窒化鉄

窒化鉄とは

窒化鉄とは、鉄と窒素の化合物で「Fe2N」「Fe4N」「Fe16N2」などの複数の結晶形を持つ侵入型化合物です。

窒素の含有量によって、結晶系が変化し、磁気的特性も大きく異なります。金属と酸化物の中間的な性質を持ち、耐食性・耐候性・硬質性に優れています。また、金属と酸化物の中間的な性質をもっています。そのため金属のFeに比べて耐食性・耐候性・硬質性に優れているといった性質があります。

Fe4Nは室温環境下において、強磁性を示すことが特徴です。強磁性から常磁性に遷移する際の温度であるキュリー温度は、約490 ℃ です。窒化鉄の中でも特にFe4NとFe16N2は、高い飽和磁化性があるため、耐食性・耐候性・機械的特性が優れた磁性材料として様々な用途への適用が期待されています。

窒化鉄の使用用途

窒化鉄は、高硬度で優れた耐摩耗性や耐食性を有しているため、フェライト鋼等の表面硬化に使用されています。窒化処理法という表面硬化法を使用することで、表面が硬化し、鋼の耐摩耗性を向上させる働きがあります。この加工方法は航空機の部品などに使用されることが一般的ですが、フライパンなどの調理器具にも利用される場合があります。

表面処理としての窒化方法には、ガス窒化、塩浴窒化、イオン窒化があります。ガス窒化は、1923年に開発された方法で、アンモニアガスの中で加熱されます。塩浴窒化は迅速窒化を目的として開発された方法で、シアン塩を主体とした塩浴中で加熱されます。イオン窒化は窒素と水素の混合気体に数百ボルトの電圧をかけてイオンを生成し、処理物に高速でぶつけることで窒化します。

また、強磁性を持つ窒化鉄は、永久磁石の材料として期待されています。これまでに製品化された永久磁石の中で最も優れた性能を示すのがネオジム磁石です。ネオジム磁石はレアアースを含むため生産コストがかかりますが、現在では廉価に手に入れることができます。窒化鉄はネオジウム磁石の代替素材として研究が進められており、レアアースレス磁石とも呼ばれるようになっています。

窒化鉄の性質

1. 高硬度

結晶の転移

図1. 結晶の転移

窒化鉄は通常の鉄鋼よりもはるかに硬く、その硬さは通常の鉄鋼の5倍以上に達することがあります。この高い硬度は、窒素による固溶強化によるものです。固溶強化とは、金属に異なる元素を添加することにより原子配列に変形を引き起こし、転位の動きを制限することで強度を向上させる方法です。
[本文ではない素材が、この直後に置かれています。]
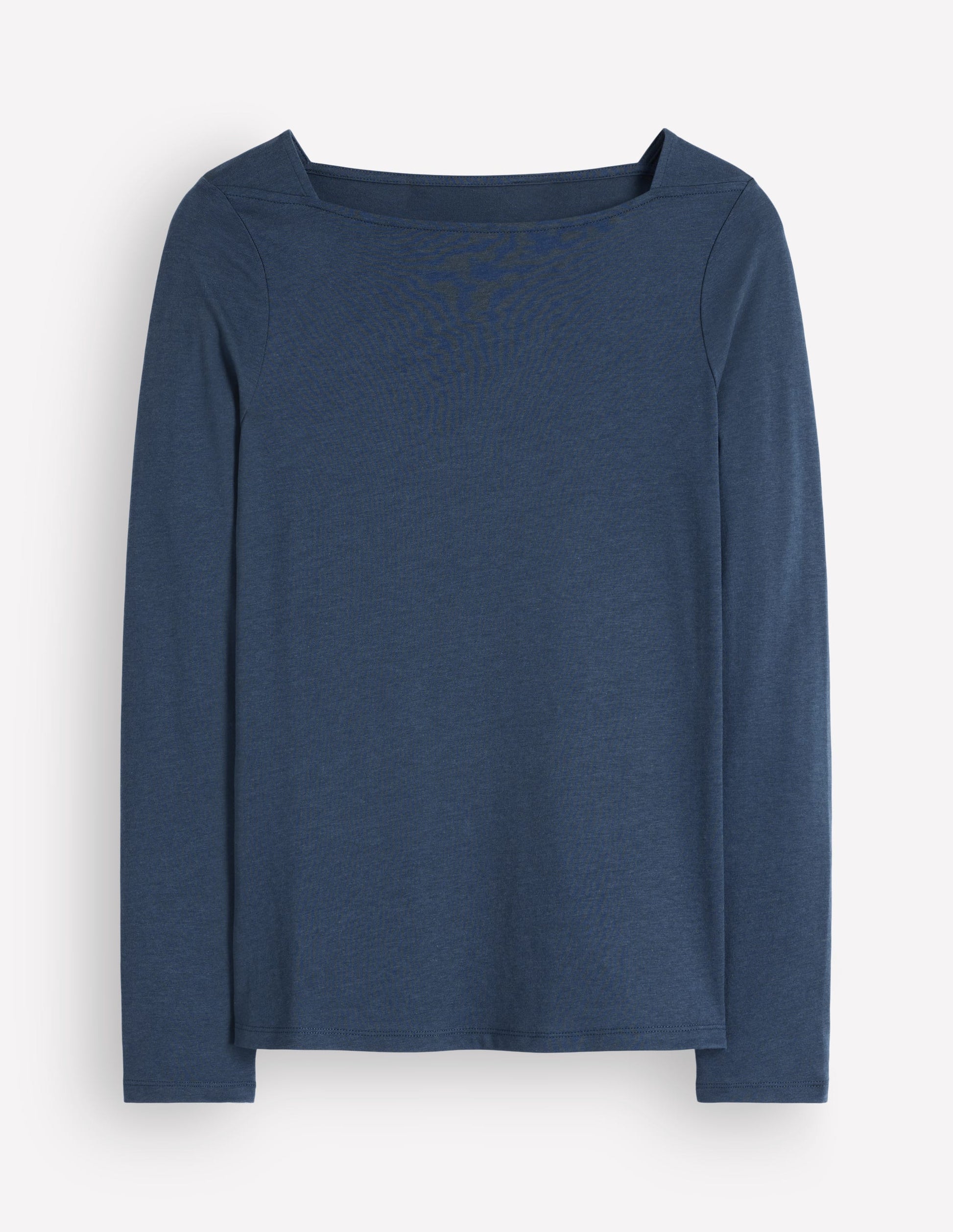 Supersoft Square Neck Top-Midnight Ocean-5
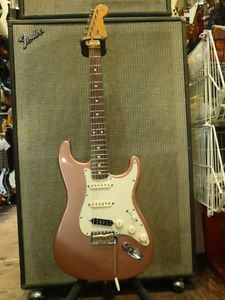 Fender mexico classic 60's Stratcaster metalic KO Free Shipping from JAPAN #T325
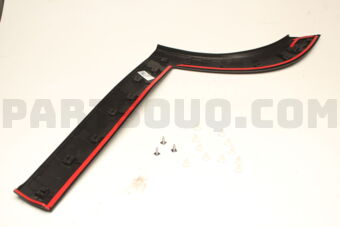 77540M74T005PK GUARD ASSY,RR DOOR SPLASH,L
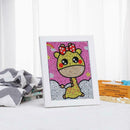 DIY Full Drill Diamond Painting Cartoon Kids Embroidery Kit (CJL01 Giraffe)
原子は通常、規則的に配置されていますが、微小な欠陥である「転位」と呼ばれるものが存在する場合があります。力が加わると構造的に不安定な転位がその方向に動き、最終的に変形します。

鉄原子の構造の中に窒素を侵入させることで原子配列をひずみを生じさせ、転移を抑制する効果があります。舗装されている道よりも凹凸のある道の方が走りにくいのと同じように、転移もひずみのある原子配列の中では動きにくいのです。

2. さびに強い

耐食性

図2. 耐食性

窒化鉄は通常の鉄鋼よりも耐食性が高いという性質があります。耐食性は、さびにくい性質を指します。窒化鉄がさびにくい原因についていは諸説ありますが、はっきりとはわかっていません。ただし、耐食性は実験的には実証されています。また、窒野外で雨にぬれてもさびにくいので耐候性があると言えます。耐候性とは天気の変化に強い性質のことです。

3. 強磁性

Fe16N2の構造

図3. Fe16N2の構造

Fe4Nは、室温環境下において、強磁性を示すことが特徴です。窒化鉄の中でも、特に、Fe4NとFe16N2は、高い飽和磁化値を有しており、耐食性・耐候性・機械的特性が優れた磁性材料として、様々な用途への適用が期待されています。窒化鉄は、レアアースを含まないことも特徴の一つで、レアアースレス磁石とも呼ばれています。

通常の鉄の結晶は全ての辺の長さが等しい立方体の結晶構造になっています。それに対してFe16N2は特定の軸の方向に伸びた直方体の結晶構造をしています。そのため、鉄原子の磁気モーメントは結晶軸の特定の方向を向くことになり、強い磁力を示します。

Fe16N2において永久磁石の性能を表すエネルギー積は全ての磁石の種類の中で最大の値が得られています。また、強磁性から常磁性に遷移する際の温度であるキュリー温度は、約490 ℃で、温度による減磁が小さいことが知られています。